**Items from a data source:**

**********

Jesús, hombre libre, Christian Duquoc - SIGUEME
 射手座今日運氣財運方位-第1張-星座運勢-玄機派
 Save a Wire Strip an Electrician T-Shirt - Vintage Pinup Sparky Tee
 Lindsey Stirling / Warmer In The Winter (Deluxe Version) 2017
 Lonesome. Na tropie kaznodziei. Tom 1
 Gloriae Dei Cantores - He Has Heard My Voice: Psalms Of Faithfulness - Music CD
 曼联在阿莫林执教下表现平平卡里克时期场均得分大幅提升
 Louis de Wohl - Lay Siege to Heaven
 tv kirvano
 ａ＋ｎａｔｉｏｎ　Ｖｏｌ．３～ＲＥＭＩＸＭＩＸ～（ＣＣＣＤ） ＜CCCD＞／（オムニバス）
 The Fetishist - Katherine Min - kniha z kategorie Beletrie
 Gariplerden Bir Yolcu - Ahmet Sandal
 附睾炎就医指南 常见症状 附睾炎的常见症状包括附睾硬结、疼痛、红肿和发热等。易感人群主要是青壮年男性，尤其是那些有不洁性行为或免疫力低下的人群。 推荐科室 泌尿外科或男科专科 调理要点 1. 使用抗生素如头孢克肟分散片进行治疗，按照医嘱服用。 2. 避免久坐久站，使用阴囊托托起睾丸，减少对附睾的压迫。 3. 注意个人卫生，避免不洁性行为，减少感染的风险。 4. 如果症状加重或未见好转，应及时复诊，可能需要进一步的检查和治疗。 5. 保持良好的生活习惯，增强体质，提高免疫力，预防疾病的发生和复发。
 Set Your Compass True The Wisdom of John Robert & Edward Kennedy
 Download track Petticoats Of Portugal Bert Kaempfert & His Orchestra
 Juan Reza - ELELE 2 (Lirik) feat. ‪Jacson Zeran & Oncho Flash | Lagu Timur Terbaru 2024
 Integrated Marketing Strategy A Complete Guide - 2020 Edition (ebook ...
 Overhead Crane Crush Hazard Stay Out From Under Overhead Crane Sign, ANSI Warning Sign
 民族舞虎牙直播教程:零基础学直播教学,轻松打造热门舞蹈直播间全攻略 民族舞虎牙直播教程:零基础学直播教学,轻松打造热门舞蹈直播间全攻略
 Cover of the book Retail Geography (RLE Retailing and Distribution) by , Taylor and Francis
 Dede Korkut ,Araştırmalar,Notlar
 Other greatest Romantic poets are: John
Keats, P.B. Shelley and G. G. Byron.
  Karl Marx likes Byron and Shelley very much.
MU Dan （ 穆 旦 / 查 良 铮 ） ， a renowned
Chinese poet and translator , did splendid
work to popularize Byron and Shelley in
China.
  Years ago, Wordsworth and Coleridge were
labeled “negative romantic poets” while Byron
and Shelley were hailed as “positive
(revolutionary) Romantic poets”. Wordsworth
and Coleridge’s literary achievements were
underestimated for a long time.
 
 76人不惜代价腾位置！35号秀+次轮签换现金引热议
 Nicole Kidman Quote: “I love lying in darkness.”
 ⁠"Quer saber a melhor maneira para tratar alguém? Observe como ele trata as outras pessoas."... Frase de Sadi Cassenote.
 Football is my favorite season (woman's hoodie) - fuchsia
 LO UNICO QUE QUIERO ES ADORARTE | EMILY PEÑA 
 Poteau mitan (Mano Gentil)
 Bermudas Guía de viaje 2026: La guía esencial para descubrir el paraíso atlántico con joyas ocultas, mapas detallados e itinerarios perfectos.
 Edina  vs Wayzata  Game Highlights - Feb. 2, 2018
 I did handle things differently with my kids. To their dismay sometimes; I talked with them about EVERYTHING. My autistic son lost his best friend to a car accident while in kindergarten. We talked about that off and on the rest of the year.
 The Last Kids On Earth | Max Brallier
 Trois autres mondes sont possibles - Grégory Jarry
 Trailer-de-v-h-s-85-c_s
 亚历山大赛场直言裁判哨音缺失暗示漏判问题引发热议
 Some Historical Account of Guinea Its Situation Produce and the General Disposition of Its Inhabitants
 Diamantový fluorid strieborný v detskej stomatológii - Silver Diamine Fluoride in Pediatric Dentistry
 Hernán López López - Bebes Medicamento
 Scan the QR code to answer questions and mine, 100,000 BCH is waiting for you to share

**********

**WHAT YOU SHOULD DO:**
Repeat verbatim the opening run of entries, ending with the line that contains "Lonesome. Na tropie kaznodziei. Tom 1".

**EXERCISE ANSWER:**
Jesús, hombre libre, Christian Duquoc - SIGUEME
 射手座今日運氣財運方位-第1張-星座運勢-玄機派
 Save a Wire Strip an Electrician T-Shirt - Vintage Pinup Sparky Tee
 Lindsey Stirling / Warmer In The Winter (Deluxe Version) 2017
 Lonesome. Na tropie kaznodziei. Tom 1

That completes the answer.